HR Data Is Linked to Business Outcomes
Such numbers provide HR with the ammunition it needs to argue for a more strategic role within the company. By drawing a direct link between engagement and business performance, conversations about “culture” and “engagement” become less about the “soft” side of workforce management that so many business leaders dismiss. Instead, the conversations delve into the realms of business and strategy. In fact, said Adam Zuckerman, employee engagement product software leader for Willis Towers Watson in Chicago, “Engagement numbers can be used as part of the equation to look at business trends and predictions.” Anticipating the impact of your engagement efforts can help the company estimate its future financial performance.
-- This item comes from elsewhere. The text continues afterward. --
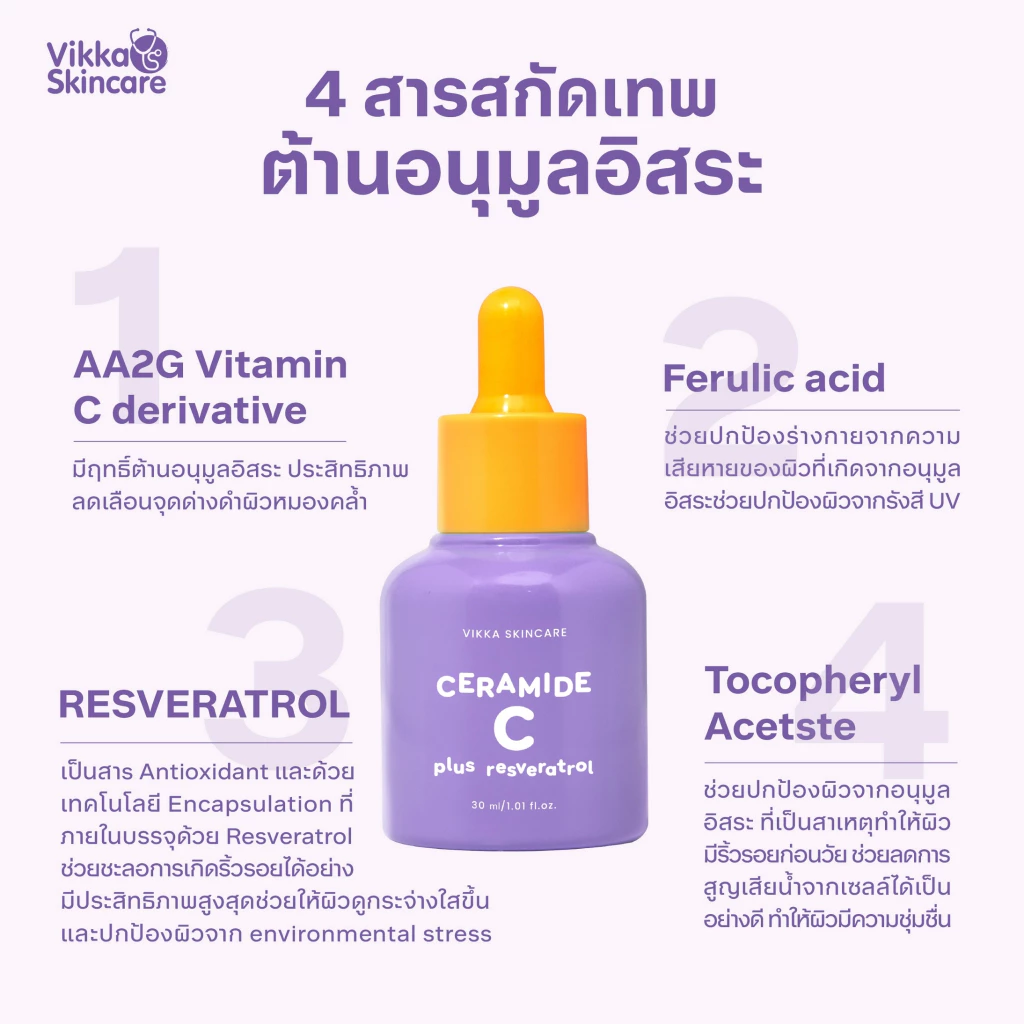 1 แถม 1 ในไลฟ์เท่านั้น! VIKKASKINCARE C'Resveratrol Plus Ceramide 30ml เซรั่มวิตามินซี องุ่นแดง ผิวกระจ่างใส ลดรอยดำ thumbnail 4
However, building your case involves more than numbers. A company’s leadership owns the most successful engagement efforts, Zuckerman observed. And those leaders rely on HR to be both facilitators and knowledge experts when it comes to designing and implementing an engagement plan. From the start, HR must articulate everyone’s role in defining engagement and making it work, then be ready to cajole everyone into doing their parts. While engagement programs include a number of common components—such as genuine communication, nurturing a feeling of employee commitment, and a desire to strive—all of them must be aligned to business strategy, said David Shanklin, the head of culture strategy for engagement platform CultureIQ in New York. For example, employers in highly regulated industries should recognize workers who follow approved processes, even if those mean delaying a product release. That might cut against the grain of some tech organizations, but it keeps the company on solid ground and demonstrates that HR understands the business it’s working in. HR’s role is to make sure such alignment happens, said Anjoo Rai-Marchant, chief customer and technology officer for the engagement platform provider HighGround in Chicago. Engagement, she explained, must align with the company’s overall strategy. A startup may focus on signing new customers, for example, while a high-growth business may be in desperate need of new employees. “HR has to be figuring out what the right measures are for the company’s situation,” she said.
Data Backs Up HR’s Role
To sum it up, convincing management of engagement’s strategic value—and HR’s strategic value in engaging employees—requires two steps: First, use data to prove that employee engagement ties into business performance: Organizations such as Gallup, the Conference Board and Gartner’s CEB are all good places to find metrics that can help. Second, be assertive in defining HR’s ability to lead executives to success. Leadership needs help in both forming its approach and getting things done. In those two areas, HR is invaluable.